# [Input data]
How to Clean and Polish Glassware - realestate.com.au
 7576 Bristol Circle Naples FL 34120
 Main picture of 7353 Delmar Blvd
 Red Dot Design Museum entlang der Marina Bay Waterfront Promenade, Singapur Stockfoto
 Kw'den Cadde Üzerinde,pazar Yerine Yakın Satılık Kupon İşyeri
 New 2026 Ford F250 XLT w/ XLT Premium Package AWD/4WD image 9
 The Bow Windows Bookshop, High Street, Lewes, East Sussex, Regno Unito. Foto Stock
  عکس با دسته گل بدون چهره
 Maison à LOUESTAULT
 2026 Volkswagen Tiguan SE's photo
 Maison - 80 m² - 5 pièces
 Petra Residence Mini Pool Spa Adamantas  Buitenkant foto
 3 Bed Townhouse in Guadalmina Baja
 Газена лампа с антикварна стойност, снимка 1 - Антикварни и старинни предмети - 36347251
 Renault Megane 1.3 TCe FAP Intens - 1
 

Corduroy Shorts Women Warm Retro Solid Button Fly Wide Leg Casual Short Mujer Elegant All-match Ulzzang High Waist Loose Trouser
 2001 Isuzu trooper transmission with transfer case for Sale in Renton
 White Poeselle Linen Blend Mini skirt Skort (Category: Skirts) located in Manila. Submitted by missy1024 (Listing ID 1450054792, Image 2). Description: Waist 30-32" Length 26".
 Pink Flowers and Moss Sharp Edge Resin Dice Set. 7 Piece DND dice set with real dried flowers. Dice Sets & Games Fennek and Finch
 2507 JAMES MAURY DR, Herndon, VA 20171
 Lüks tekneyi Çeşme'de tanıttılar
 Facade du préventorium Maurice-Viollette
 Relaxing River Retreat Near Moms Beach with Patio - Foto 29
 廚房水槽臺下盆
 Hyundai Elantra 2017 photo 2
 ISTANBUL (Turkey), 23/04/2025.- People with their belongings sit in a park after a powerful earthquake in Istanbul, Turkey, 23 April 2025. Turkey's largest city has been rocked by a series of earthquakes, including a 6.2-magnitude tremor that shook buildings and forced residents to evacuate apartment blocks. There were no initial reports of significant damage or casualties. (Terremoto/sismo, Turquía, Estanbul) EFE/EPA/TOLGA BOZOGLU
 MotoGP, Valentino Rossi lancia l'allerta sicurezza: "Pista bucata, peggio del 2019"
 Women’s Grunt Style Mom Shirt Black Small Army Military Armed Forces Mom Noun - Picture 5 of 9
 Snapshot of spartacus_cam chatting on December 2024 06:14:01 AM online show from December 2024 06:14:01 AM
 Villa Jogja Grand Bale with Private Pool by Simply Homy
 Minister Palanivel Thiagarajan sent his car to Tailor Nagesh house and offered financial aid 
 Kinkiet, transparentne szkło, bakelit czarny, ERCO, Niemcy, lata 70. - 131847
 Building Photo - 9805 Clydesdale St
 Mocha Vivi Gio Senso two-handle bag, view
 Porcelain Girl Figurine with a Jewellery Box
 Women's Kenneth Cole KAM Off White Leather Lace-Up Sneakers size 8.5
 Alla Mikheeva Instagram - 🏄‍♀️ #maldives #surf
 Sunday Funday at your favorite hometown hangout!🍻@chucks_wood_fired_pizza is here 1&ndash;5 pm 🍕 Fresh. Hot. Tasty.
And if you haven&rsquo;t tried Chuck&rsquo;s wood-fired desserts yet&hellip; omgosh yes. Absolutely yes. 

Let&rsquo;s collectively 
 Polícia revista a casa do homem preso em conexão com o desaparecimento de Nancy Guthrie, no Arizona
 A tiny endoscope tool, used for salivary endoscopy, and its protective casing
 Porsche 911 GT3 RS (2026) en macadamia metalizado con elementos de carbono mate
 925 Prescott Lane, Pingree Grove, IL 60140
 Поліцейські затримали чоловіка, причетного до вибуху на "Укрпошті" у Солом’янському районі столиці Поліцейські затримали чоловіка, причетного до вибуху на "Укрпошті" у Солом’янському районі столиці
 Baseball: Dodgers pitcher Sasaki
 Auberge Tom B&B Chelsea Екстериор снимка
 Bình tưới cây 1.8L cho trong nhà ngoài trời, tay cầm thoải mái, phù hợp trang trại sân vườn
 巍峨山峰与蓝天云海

# [Instructions to follow]
Every entry must be repeated exactly; none may be skipped.

# [Problem solution]
How to Clean and Polish Glassware - realestate.com.au
 7576 Bristol Circle Naples FL 34120
 Main picture of 7353 Delmar Blvd
 Red Dot Design Museum entlang der Marina Bay Waterfront Promenade, Singapur Stockfoto
 Kw'den Cadde Üzerinde,pazar Yerine Yakın Satılık Kupon İşyeri
 New 2026 Ford F250 XLT w/ XLT Premium Package AWD/4WD image 9
 The Bow Windows Bookshop, High Street, Lewes, East Sussex, Regno Unito. Foto Stock
  عکس با دسته گل بدون چهره
 Maison à LOUESTAULT
 2026 Volkswagen Tiguan SE's photo
 Maison - 80 m² - 5 pièces
 Petra Residence Mini Pool Spa Adamantas  Buitenkant foto
 3 Bed Townhouse in Guadalmina Baja
 Газена лампа с антикварна стойност, снимка 1 - Антикварни и старинни предмети - 36347251
 Renault Megane 1.3 TCe FAP Intens - 1
 

Corduroy Shorts Women Warm Retro Solid Button Fly Wide Leg Casual Short Mujer Elegant All-match Ulzzang High Waist Loose Trouser
 2001 Isuzu trooper transmission with transfer case for Sale in Renton
 White Poeselle Linen Blend Mini skirt Skort (Category: Skirts) located in Manila. Submitted by missy1024 (Listing ID 1450054792, Image 2). Description: Waist 30-32" Length 26".
 Pink Flowers and Moss Sharp Edge Resin Dice Set. 7 Piece DND dice set with real dried flowers. Dice Sets & Games Fennek and Finch
 2507 JAMES MAURY DR, Herndon, VA 20171
 Lüks tekneyi Çeşme'de tanıttılar
 Facade du préventorium Maurice-Viollette
 Relaxing River Retreat Near Moms Beach with Patio - Foto 29
 廚房水槽臺下盆
 Hyundai Elantra 2017 photo 2
 ISTANBUL (Turkey), 23/04/2025.- People with their belongings sit in a park after a powerful earthquake in Istanbul, Turkey, 23 April 2025. Turkey's largest city has been rocked by a series of earthquakes, including a 6.2-magnitude tremor that shook buildings and forced residents to evacuate apartment blocks. There were no initial reports of significant damage or casualties. (Terremoto/sismo, Turquía, Estanbul) EFE/EPA/TOLGA BOZOGLU
 MotoGP, Valentino Rossi lancia l'allerta sicurezza: "Pista bucata, peggio del 2019"
 Women’s Grunt Style Mom Shirt Black Small Army Military Armed Forces Mom Noun - Picture 5 of 9
 Snapshot of spartacus_cam chatting on December 2024 06:14:01 AM online show from December 2024 06:14:01 AM
 Villa Jogja Grand Bale with Private Pool by Simply Homy
 Minister Palanivel Thiagarajan sent his car to Tailor Nagesh house and offered financial aid 
 Kinkiet, transparentne szkło, bakelit czarny, ERCO, Niemcy, lata 70. - 131847
 Building Photo - 9805 Clydesdale St
 Mocha Vivi Gio Senso two-handle bag, view
 Porcelain Girl Figurine with a Jewellery Box
 Women's Kenneth Cole KAM Off White Leather Lace-Up Sneakers size 8.5
 Alla Mikheeva Instagram - 🏄‍♀️ #maldives #surf
 Sunday Funday at your favorite hometown hangout!🍻@chucks_wood_fired_pizza is here 1&ndash;5 pm 🍕 Fresh. Hot. Tasty.
And if you haven&rsquo;t tried Chuck&rsquo;s wood-fired desserts yet&hellip; omgosh yes. Absolutely yes. 

Let&rsquo;s collectively 
 Polícia revista a casa do homem preso em conexão com o desaparecimento de Nancy Guthrie, no Arizona
 A tiny endoscope tool, used for salivary endoscopy, and its protective casing
 Porsche 911 GT3 RS (2026) en macadamia metalizado con elementos de carbono mate
 925 Prescott Lane, Pingree Grove, IL 60140
 Поліцейські затримали чоловіка, причетного до вибуху на "Укрпошті" у Солом’янському районі столиці Поліцейські затримали чоловіка, причетного до вибуху на "Укрпошті" у Солом’янському районі столиці
 Baseball: Dodgers pitcher Sasaki
 Auberge Tom B&B Chelsea Екстериор снимка
 Bình tưới cây 1.8L cho trong nhà ngoài trời, tay cầm thoải mái, phù hợp trang trại sân vườn
 巍峨山峰与蓝天云海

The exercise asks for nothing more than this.